The mean physicochemical soil properties of 0–100 cm soil depth for PF and NF.
Soil properties
PF
NF
BD (g cm−3)
1.03 ± 0.24a
0.97 ± 0.23b
pH values
8.30 ± 0.22a
8.10 ± 0.48b
SOC content (g kg−1)
32.0 ± 16.7b
44.3 ± 19.6a
TN content (g kg−1)
2.15 ± 1.17b
3.07 ± 1.25a
TP content (g kg−1)
0.63 ± 0.17b
0.67 ± 0.10a
SOC stock (Mg ha−1)
64.3 ± 28.6b
80.6 ± 29.6a
TN stock (Mg ha−1)
4.32 ± 1.87b
5.72 ± 2.09a
TP stock (Mg ha−1)
1.35 ± 0.32a
1.33 ± 0.40a
C:N ratio
16.7 ± 10.6a
14.5 ± 3.78b
C:P ratio
51.5 ± 29.5b
66.1 ± 28.9a
N:P ratio
4.38 ± 3.33b
5.85 ± 4.09a
The values are means ± standard deviations (SD). The different letters within each row indicate a significant (p ≤ 0.05) difference between forest types. The BD, SOC, TN, and TP indicate the soil bulk density, the contents of soil organic carbon, total nitrogen, and total phosphorus, respectively.
Variation in SOC, TN, and TP Contents With Soil Depth and Forest Types
The contents of SOC, TN, and TP differed among soil depths (SD) and forest types (FT) significantly (p ≤ 0.05), showing a decrease with rising soil depth for both PF and NF. The SOC and TN contents at all soil depths of PF were lower than those of NF (Figures 2C, D). The difference in SOC content decreased from 12.7 g kg−1 (based on the data pair of 49.9 and 62.6 g kg−1) at the topsoil depth to 12.3 g kg−1 (based on the data pair of 19.1 and 31.4 g kg−1) at the deepest soil depth (Figure 2C). The mean SOC content of 0–100 cm soil depth for NF (44.3 g kg−1) was significantly (p ≤ 0.05) higher than that of PF (32.0 g kg−1) (Table 2). The difference in TN content decreased from 1.05 g kg−1 (based on the data pair of 3.53 and 4.58 g kg−1) at the topsoil depth to 1.00 g kg−1 (based on the data pair of 1.18 and 2.18 g kg−1) at the deepest soil depth (Figure 2D). The mean TN content of 0–100 cm soil depth for NF (3.07 g kg−1) was significantly higher (p ≤ 0.05) than that of PF (2.15 g kg−1) (Table 2).

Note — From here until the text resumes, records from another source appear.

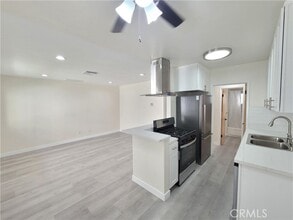 Building Photo - 4436 Ventura Canyon Ave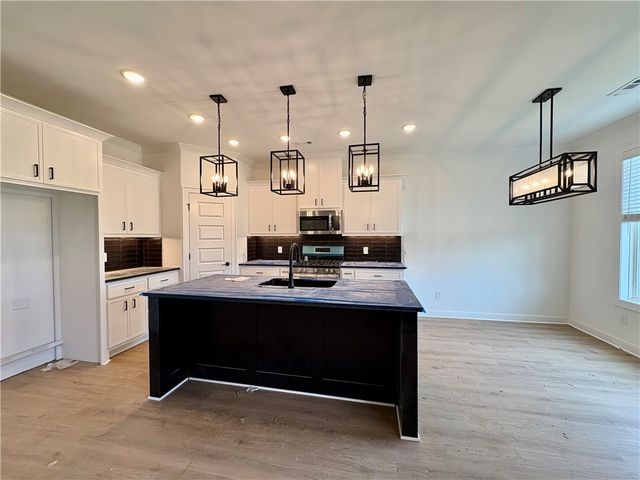 1810 Farmer Street, Pea Ridge, AR 72751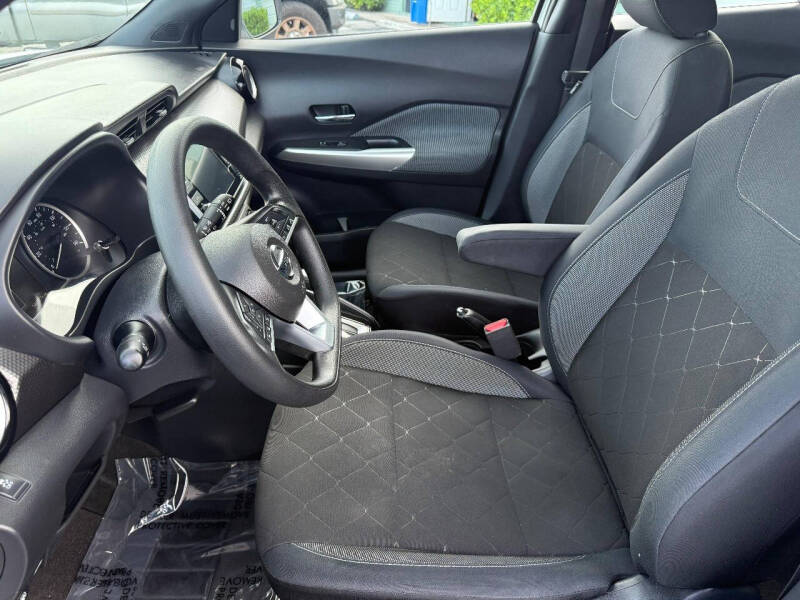 2018 Nissan Kicks SV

The mean TP contents of PF and NF generally decreased from the highest values of 0.72 in both PF and NF at the topsoil depth to the lowest values of 0.55 and 0.66 at the deepest soil depth (Figure 2E). However, the variation pattern of TP content along soil depth differed from the continuously decreasing pattern of SOC and TN. For NF, the TP content declined non-significantly and leveled-off within the soil depth of 0–100 cm. For PF, the TP content decreased insignificantly within 0–40 cm and obviously within the depth of 60–100 cm; however, a significant difference existed only between 0–20 cm and 80–100 cm. The mean TP content of 0–100 cm for NF (0.67 g kg−1) was significantly higher than those of PF (0.63 g kg−1) (Table 2). At each soil depth, the percent contribution of overall average contents of SOC, TN, and TP was presented in Figure 4, showing a decrease in soil depth for PF and NF.

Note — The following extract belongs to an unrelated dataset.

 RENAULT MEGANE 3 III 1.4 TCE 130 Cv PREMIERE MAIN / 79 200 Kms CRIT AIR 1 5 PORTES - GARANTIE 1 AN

Variation in SOC, TN, and TP Stocks with Soil Depth and Forest Type
For both PF and NF, stocks of SOC and TN decreased significantly (p ≤ 0.05) in each soil depth, while that of TP increased (Figures 3A–C; Table 5). The highest SOC stocks, 82.6 and 96.8 Mg ha−1 for PF and NF, were at the topsoil depth (0–20 cm), and the lowest values, 48.4 and 66.7 Mg ha−1, were at the deepest soil depth (80–100 cm). Similarly, the maximum TN stocks of 5.83 and 7.19 Mg ha−1 for PF and NF were at the topsoil depth, while the lowest values of 3.02 and 4.73 Mg ha−1 were at the deepest soil depth. The TP stock was highest (1.47 Mg ha−1) for both PF and NF at the deepest soil depth, while the lowest values (1.19 Mg ha−1) for both PF and NF were at the topsoil depth. The SOC and TN stocks of NF were higher than PF at all soil depths. The SOC and TN stock differences between PF and NF increased with soil depth, from 14.2 and 1.36 Mg ha−1 in the topsoil depth to 18.3 and 1.71 Mg ha−1 (based on the data pair) at the deepest soil depth (Figures 3A, B). The average SOC stocks, 64.3 Mg ha−1 and 80.6 Mg ha−1 for PF and NF at soil depth (0–100 cm), showed that NF was significantly higher (p ≤ 0.05) (Table 2). Similarly, the average TN stocks, 4.32 Mg ha−1 and 5.72 Mg ha−1 for PF and NF at soil depth (0–100 cm), showed NF was significantly higher (p ≤ 0.05), while no significant difference existed for the TP stocks 1.35 Mg ha−1 and 1.33 Mg ha−1 for PF and NF at soil depth (0–100 cm) (Table 2). The percent contribution of SOC and TN stocks of each soil depth to their total stocks over 0–100 cm soil depth decreased with rising soil depth for both PF and NF, but increased in the case of TP stock (Figures 4B, E).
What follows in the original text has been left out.